Rees-Mogg said: “May I begin by declaring my inherited interest in this subject but perhaps also jog the mind of Mr Watson on the half a million pounds he received from Mr Mosley which may have some bearing on these matters.

“What I want to ask Mrs Bradley is whether she will be certain not to involve herself in this socialist witch hunt against Mr Murdoch and news corporation Fox News which has done so much, both through newspapers, publishing and efficiency after Wapping and through the launch of Sky News, to increase plurality in the media in this country, a wonderfully successful company that should not be persecuted because the left doesn’t like it.”

Bercow intervened and said: “Can I just say to you that I’m sure you are not suggesting, and I hope you will take the opportunity to make clear, that you are not suggesting that pecuniary gain has influenced a member in his thinking or statements in the chamber?”

Rees-Mogg said: “Most certainly not.
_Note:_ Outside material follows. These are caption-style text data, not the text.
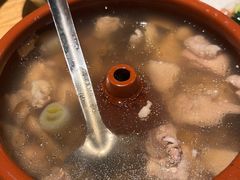 松茸汽锅鸡-缘生态云南菜·野生菌庭院餐厅(华侨城店)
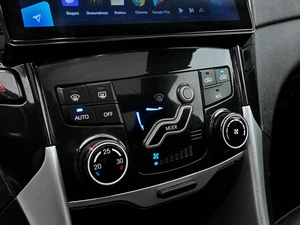 Седан Hyundai Sonata 2011 года, 1099000 рублей, Волгоград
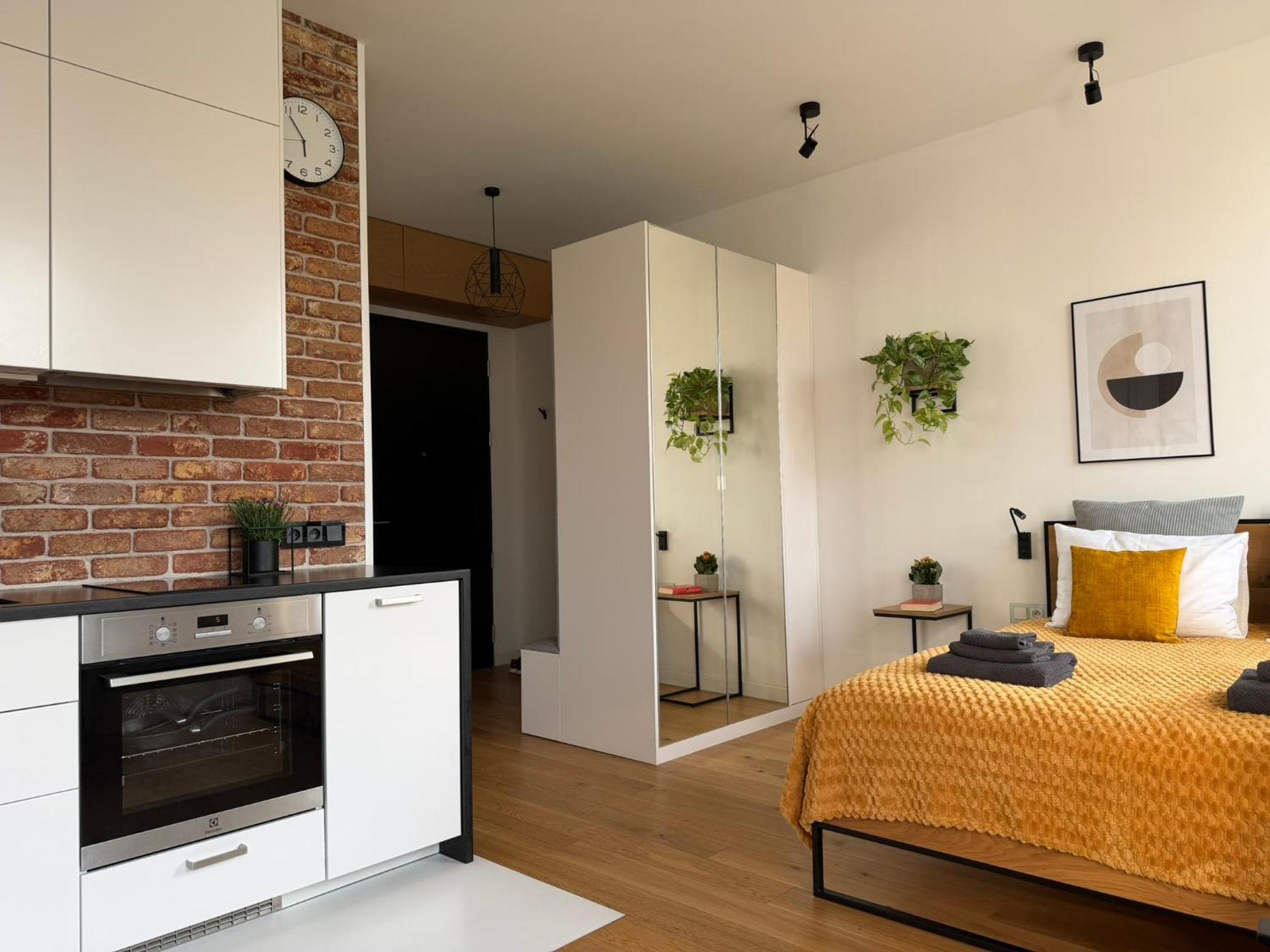 One-Bedroom Apartment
I was merely declaring my own interest and it occurred to me it was only fair to remind Mr Watson that he had not referred to his interest and the half a million pounds he received which I’m absolutely certain was an inadvertent oversight.”

Watson has received donations worth £500,000 from Mr Mosley over the last 12 months.
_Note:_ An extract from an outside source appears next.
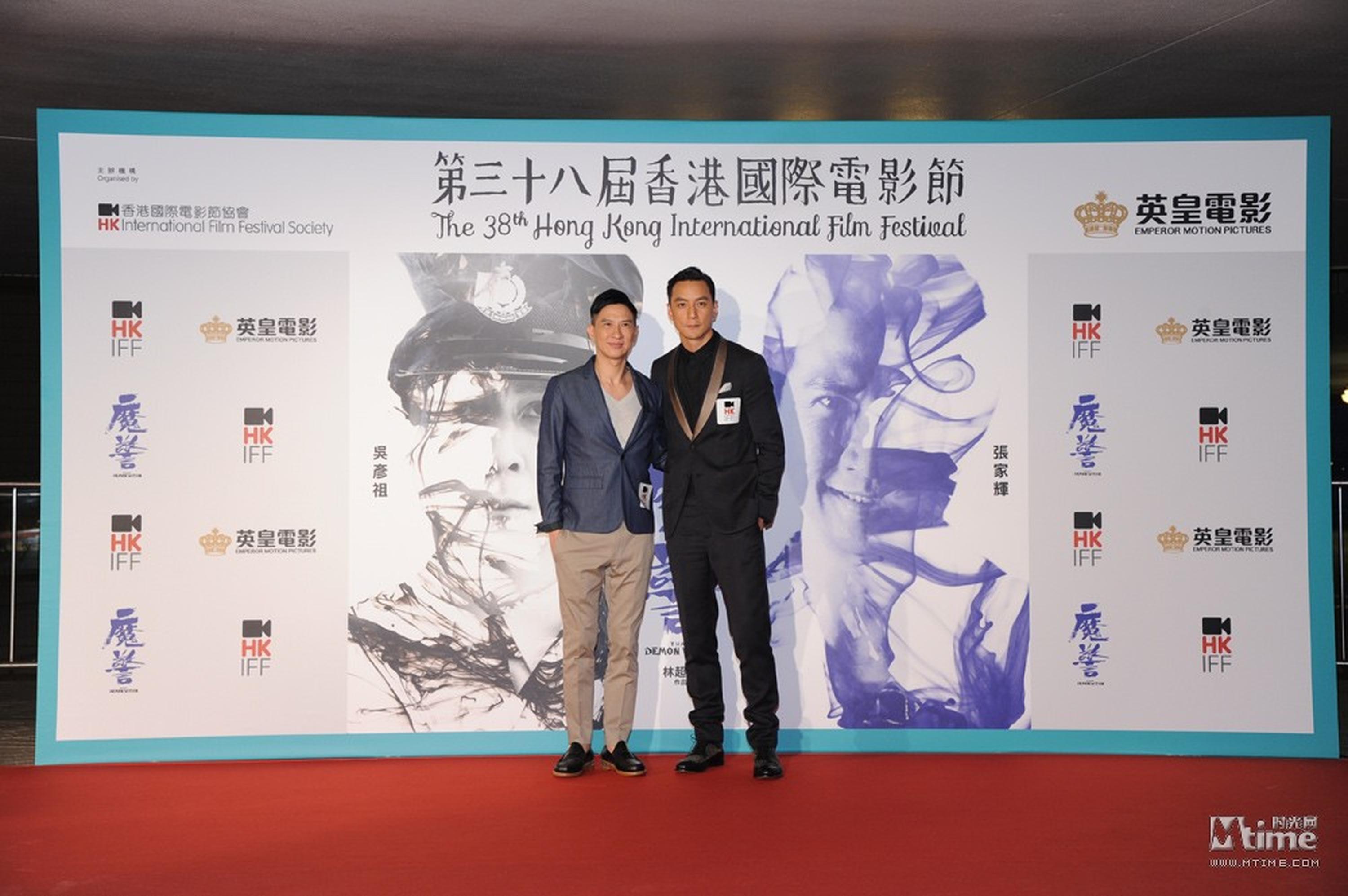 （左起）第38届香港国际电影节闭幕电影《魔警》演员张家辉及吴彦祖。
Mosley is the primary financial backer of the Impress press regulator which was set up in the wake of the Leveson Inquiry into press ethics.

 

Labour former leader Ed Miliband also raised concerns about the need for a “fit and proper” test.

He said that “many of us believe the Murdochs are in no way fit and proper to have full control of Sky given their corporate record”.

He asked Bradley whether such a test would take place before the bid can be completed.

Bradley said: “You will know that fit and proper is an ongoing test for Ofcom to apply to the holders of broadcasting licences and while many of the issues that Ofcom would consider in reaching their judgment are also relevant to me in considering genuine commitment to broadcasting standards, the tests are different and apply at different points in time.”

Labour former frontbencher Chris Bryant echoed a similar sentiment to Mr Miliband as he attacked the leadership of 21st Century Fox.

He said: “The thing is we already know that under James and Rupert Murdoch’s leadership the companies that they controlled bribed and bullied their way round British politics, they poisoned the well of British political engagement, they used anti-competitive practices at every possible turn to try and destroy competitors and they made it impossible for media diversity to flourish in this country.

“Why on earth would anybody think that they were fit and proper people to take over now?

“Their only excuse when they lied their way through their evidence to Parliament was that their company was far too big for them possibly to know what was going on in some small outpost in the United Kingdom.

“That doesn’t suggest that they would be any good at running this now, does it?”

Bradley replied: “You have been on the record on several occasions on your views on these matters and I am sure your points will have been heard.”